LE MARIAGE

Article publié dans la Lettre n° 186


LE MARIAGE de Witold Gombrowicz. Traduction Koukou Chanska et Georges Sédir. Mise en scène Jacques Rosner avec Yves Gasc, Christine Fersen, Roland Bertin, Igor Tyczka, Andrzej Seweryn, Christian Blanc, Pierre Vial, Céline Samie, Laurent d’Olce, Laurent Rey, Laurent Montel, Jacques Poix-Terrier.
Qui aurait pu imaginer que sous les traits hiératiques de cet employé de la Banco Polaco à Buenos Aires, se cachait l’un des plus grands écrivains polonais du siècle? Witlod Gombrowicz embarque en 1939 pour l’Argentine, il est un auteur reconnu, un polémiste redoutable. La guerre éclate. Il refuse de rentrer en Europe et revendique son rôle de déserteur. Il écrit Le Mariage en 1947. C’est une pièce de l’exil. Le personnage principal, Henri, ressemble comme un frère à l’auteur. Soldat polonais, enrôlé dans l’armée française pendant la deuxième guerre mondiale, Henri rêve. Un rêve qui tourne au cauchemar. Il rêve de son pays dévasté, de ses parents maltraités, de sa fiancée violée. Le rêveur vengeur élève son père à la dignité royale. Le voici prince. Sous l’influence des ivrognes, il devient un dictateur et emprisonne tout le monde. Le prince se proclame roi et veut se conférer à lui-même le sacrement du mariage. Invectivé par un ivrogne véhément, les limbes du cauchemar se déchirent. L’imprécation réveille le rêveur: ce cri qu’il entend est le sien.
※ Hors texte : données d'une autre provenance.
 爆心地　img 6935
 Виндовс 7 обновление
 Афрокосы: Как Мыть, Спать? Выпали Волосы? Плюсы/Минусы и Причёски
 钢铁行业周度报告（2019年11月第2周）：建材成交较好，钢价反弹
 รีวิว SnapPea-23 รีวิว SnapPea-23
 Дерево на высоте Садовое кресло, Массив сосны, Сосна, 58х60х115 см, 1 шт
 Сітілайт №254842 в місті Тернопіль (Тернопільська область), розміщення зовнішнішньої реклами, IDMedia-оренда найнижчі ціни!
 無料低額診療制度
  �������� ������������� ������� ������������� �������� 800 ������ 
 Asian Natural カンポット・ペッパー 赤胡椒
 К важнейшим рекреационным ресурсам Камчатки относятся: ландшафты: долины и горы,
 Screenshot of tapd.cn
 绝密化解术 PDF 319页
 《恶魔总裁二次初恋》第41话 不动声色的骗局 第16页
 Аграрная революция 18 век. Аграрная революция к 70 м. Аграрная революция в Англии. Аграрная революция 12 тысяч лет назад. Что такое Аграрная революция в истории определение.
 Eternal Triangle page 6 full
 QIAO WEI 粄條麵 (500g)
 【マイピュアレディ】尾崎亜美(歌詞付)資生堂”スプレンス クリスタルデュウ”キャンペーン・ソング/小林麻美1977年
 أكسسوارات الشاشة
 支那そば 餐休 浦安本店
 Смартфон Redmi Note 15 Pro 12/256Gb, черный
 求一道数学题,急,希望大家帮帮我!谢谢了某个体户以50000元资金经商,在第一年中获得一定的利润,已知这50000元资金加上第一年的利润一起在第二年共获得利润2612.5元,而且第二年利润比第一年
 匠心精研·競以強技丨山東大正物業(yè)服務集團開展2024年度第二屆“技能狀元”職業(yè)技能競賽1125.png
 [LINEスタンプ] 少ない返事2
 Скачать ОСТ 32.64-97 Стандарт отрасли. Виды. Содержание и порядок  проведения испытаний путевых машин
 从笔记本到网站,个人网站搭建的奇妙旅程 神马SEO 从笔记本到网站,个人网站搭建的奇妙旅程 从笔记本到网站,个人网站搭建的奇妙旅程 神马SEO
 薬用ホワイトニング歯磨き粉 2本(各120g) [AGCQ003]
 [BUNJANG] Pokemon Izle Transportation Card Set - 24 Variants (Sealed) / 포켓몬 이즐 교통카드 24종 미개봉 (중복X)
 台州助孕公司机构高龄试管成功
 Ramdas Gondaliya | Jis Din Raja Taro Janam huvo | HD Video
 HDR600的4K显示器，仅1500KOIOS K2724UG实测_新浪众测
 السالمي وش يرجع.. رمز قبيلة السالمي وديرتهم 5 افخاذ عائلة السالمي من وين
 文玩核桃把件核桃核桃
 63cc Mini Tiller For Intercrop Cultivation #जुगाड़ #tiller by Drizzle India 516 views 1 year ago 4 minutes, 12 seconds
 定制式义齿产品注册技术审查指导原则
Witold Gombrowicz n’est pas un auteur facile. Il n’aime pas les compromis. Dès sa première pièce Yvonne, Princesse de Bourgogne (mise en scène par Jacques Rosner avec les comédiens français en 1982), il stigmatise l’ordre social et le poids de la tradition qui étouffent la personnalité. Le Mariage est une oeuvre onirique, baroque. Henri est un héros perdu dans le monde chaotique des rêves qu’il ne maîtrise pas. Artifice et réalité se confrontent, ils cheminent tous vers une déroute générale. Henri est un héros pathétique, que l’on ne parvient pas à détester totalement, même lorsqu’il devient un dictateur sans foi ni loi. Bien sûr, Il nous fait penser à son cousin Hamlet, mais à un Prince qui aurait un royaume en Sicile, car il a l’étoffe d’un héros pirandellien, jeté dans le doute de sa propre inconstance. Peut-être rêve-t-il, est-il dans l’étau du remords de son propre destin d’avoir vécu cette guerre, loin de son pays? Jacques Rosner, familier de l’oeuvre de Gombrowicz, est le passeur subtil et généreux d’une oeuvre complexe. Il a choisi une scénographie épurée, peut-être trop. Le spectateur, oubliant parfois l’univers onirique dans lequel Henri est propulsé, est ballotté dans cette tragédie grandiose. Toute la distribution est fantastique. Le prince sans royaume terrestre est interprété par Andrzej Seweryn. Prodigieux, alternant le doute et le sarcasme, la certitude et l’inconscience du somnambule, déambulant sur un fil de soie, au-dessus d’un monde en feu, il porte cette cérémonie désacralisée sur les cimes d’un théâtre exigeant. Comédie Française 1er (01.44.58.15.15).